— О, сэр Луиджи! — маг, кажется, немного пришел в себя, — как же вы так?
— Подставился по глупости, — поморщился фехтмейстер.
— Какого–то дворянчика из чужаков полез спасать, дурень старый, — прокомментировал со своей лежанки Сэм, — вот и подрезали его.
Едва маг опустился на скамью, в караулку ворвался молодой парнишка:
— Господин барон, господин Васкар, там это, того. — Чуть отдышался и продолжил: — Это, значит. Солдаты у лесной заставы. Десятник Хоуп, значит, сказать велел — Траген. С дружиной.
Барон устало выругался и потребовал принести перо и бумагу. Попытался взять перо, выругался еще раз, и велел писать Карстену. Диктовал по горски, так что Васкар не понял ничего, только отметил удивление сотника. Глядя на осунувшееся лицо, трясущиеся руки, Годвер вдруг поймал себя на жалости к Старику и удивился. Вот уж кого, а темного… нет, никогда не было таких мыслей.
— Годвер, очнись! — Даркин уже закончил диктовку, — проводишь меня до замка. Карс, ты понял, что делать.
— Так точно, ваша светлость!
— Мэтр, вы уверены? Хоть охрану какую с собой возьмите, — Васкар с жалостью посмотрел на мага, едва удерживающегося в седле.
— Хоуп уже там, а больше и не нужно, — отмахнулся барон — толку–то? Так что ты давай в замок, порядок наводи. А я проедусь, побеседую с дорогим соседом.
Годвер покачал головой, но спорить не стал: знал, что бесполезно.
Мага принесли под вечер.
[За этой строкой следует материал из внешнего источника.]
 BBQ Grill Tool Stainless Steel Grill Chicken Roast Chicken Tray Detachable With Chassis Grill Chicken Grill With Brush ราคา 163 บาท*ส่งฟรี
Барон был чуть жив, а тащивший его мальчишка выглядел только чуть лучше. Пока ждали лекарку, капитан попытался узнать хоть что–то.
— Не знаю, что произошло, — покачал парень головой, — я на дереве сидел, оттуда все видел. Заставу–то сожгли, вот меня десятник и послал на дерево лезть, значит. Эти, пришлые–то стояли спокойно, ждали. А потом го…
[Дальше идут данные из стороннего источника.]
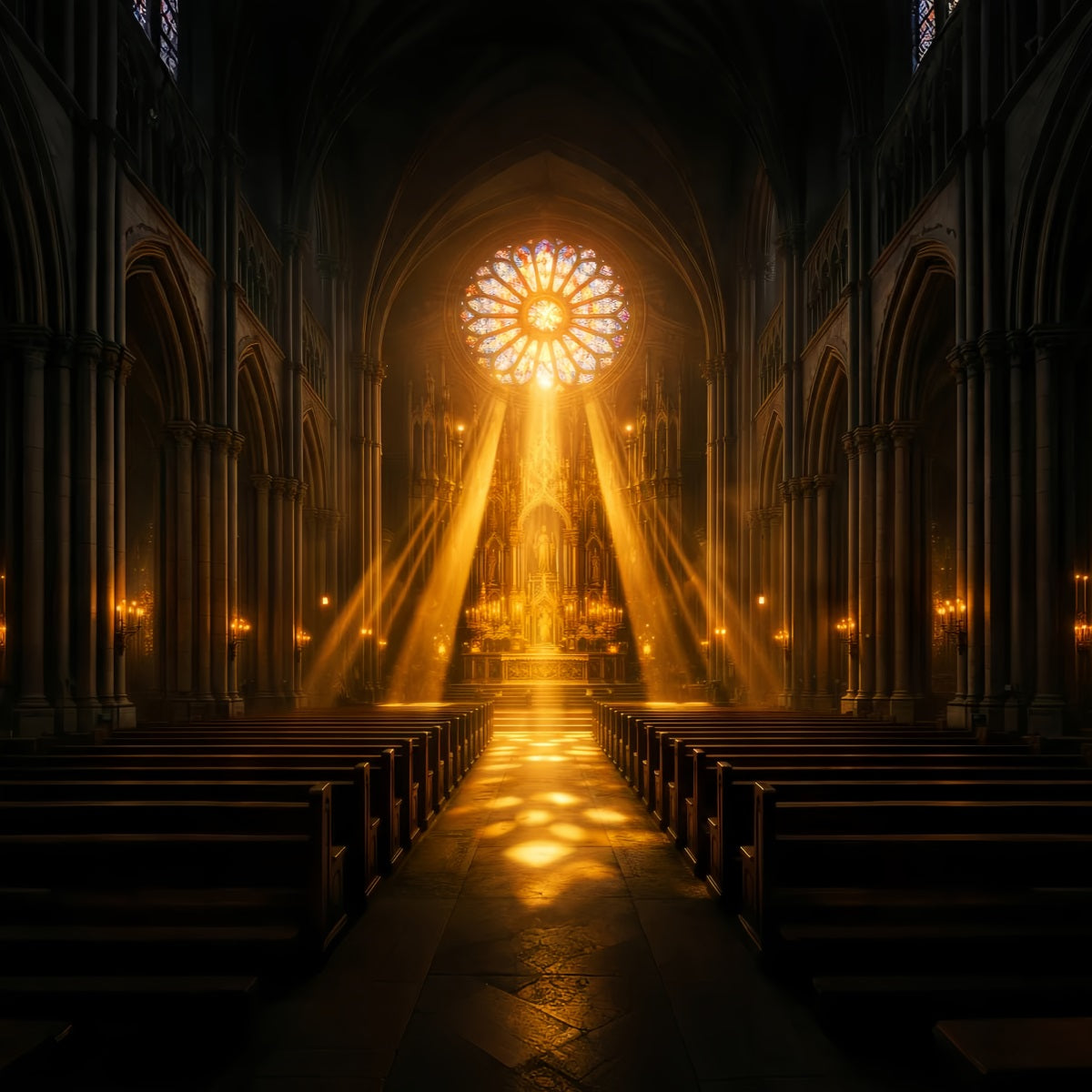Oster-Fotokulisse Kirche Goldene Kathedrale Lichtstrahlen Einfache Oster-Fotokulisse LXX61-61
Парень закашлялся, харкая кровью, но чуть позже продолжил:
— Господин барон, значит, приехал когда, один–то, они с их светлостью говорить стали. Я-то и не слышал ничего, но мирно говорили вроде. И этот, громадный их, светлость который, уже и людям своим рукой махнул — уходим, мол. Ан тут–то наш и взорвался. Словно в облако превратился многорукое и как начал крушить все вокруг, и своих и чужих не разбирая. И жуть меня такая пробрала, что чуть с дерева не упал. В ствол покрепче вцепился, глаза зажмурил, да только молитвы шептал, а кому — и того не вспомню. А как отпустило, я и смотрю — мертвые все, деревья словно после пожара, да барон в стороне лежит и не движется. Ан живой оказался. Я его взвалил, на спину, значит, и пошел. А как к деревне вышел и наши заметили — помогли.
Парень снова закашлял, глухо, страшно. Умер он к утру, и Марфа–лекарка только руками разводила. А к барону в спальню заходить отказалась, хоть казни ее.
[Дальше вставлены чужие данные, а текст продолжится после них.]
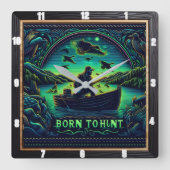 Geboren zur Jagd in der Morgengrauen Quadratische Wanduhr (Vorderseite)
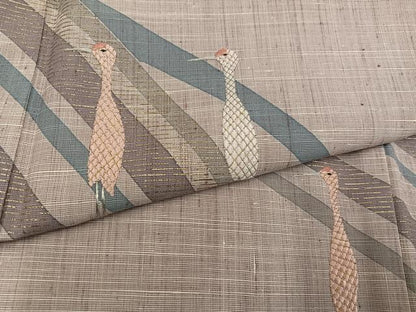 平和屋着物●訪問着　紬地　刺繍　群れ鶴　金彩　正絹　逸品　AABI6229ph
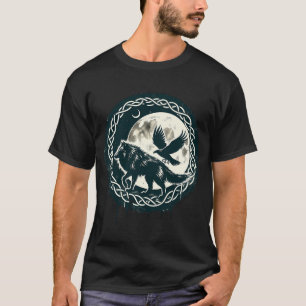 Wolf And Raven Celtic T-Shirt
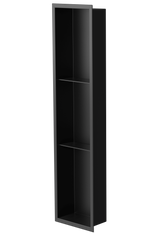 Ana wall niche, 36 × 8 in, matte black, three-quarter view on a transparent background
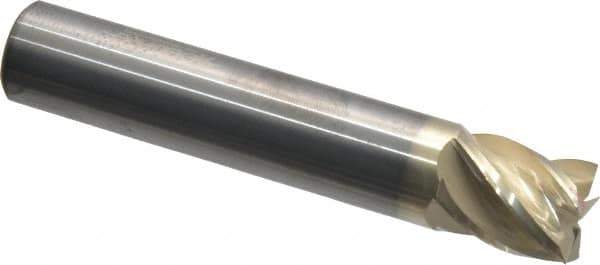 Accupro - 5/8", 3/4" LOC, 5/8" Shank Diam, 3-1/2" OAL, 5 Flute, Solid Carbide Square End Mill - Single End, ZrN Finish, Spiral Flute, 37° Helix, Centercutting, Right Hand Cut, Right Hand Flute - Eagle Tool & Supply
Холод и тьма. И пустота, лишь серебряная нить под ногами, протянутая из бесконечности в бесконечность, да маленькая теплая звездочка где–то впереди. Такое уже было, там, после Кермонта: мертвая пустота, серебряная проволока, впивающаяся в ноги и предельное напряжение в попытке удержать равновесие. Вдруг проволока под ногами начинает покачиваться чуть не в такт, словно кто–то неведомый идет позади, на полшага не попадая в ритм. Обернуться нельзя, и это нервирует, заставляет непроизвольно ускорять шаг, отвлекает. А подобные ошибки недопустимы и вот уже кровь из разрезанных пальцев, пятнающая серебро, стон сквозь сжатые зубы и судорожные попытки вырвать у судьбы еще секунду. И секунды, растягивающиеся в вечность, слабеющие пальцы и неминуемость падения, превращающая вечность в ничто.
Тьма вдруг ожила, обретая суть и все исчезло.
— Что это? — поднимаюсь с пола.
В этом сотканном из тьмы мире все условно: плоскость под ногами — пол, ощущение ограниченности пространства — стены. Даже сама Тенэбрэ не потрудилась придать себе человеческий облик — сгусток мрака, не более.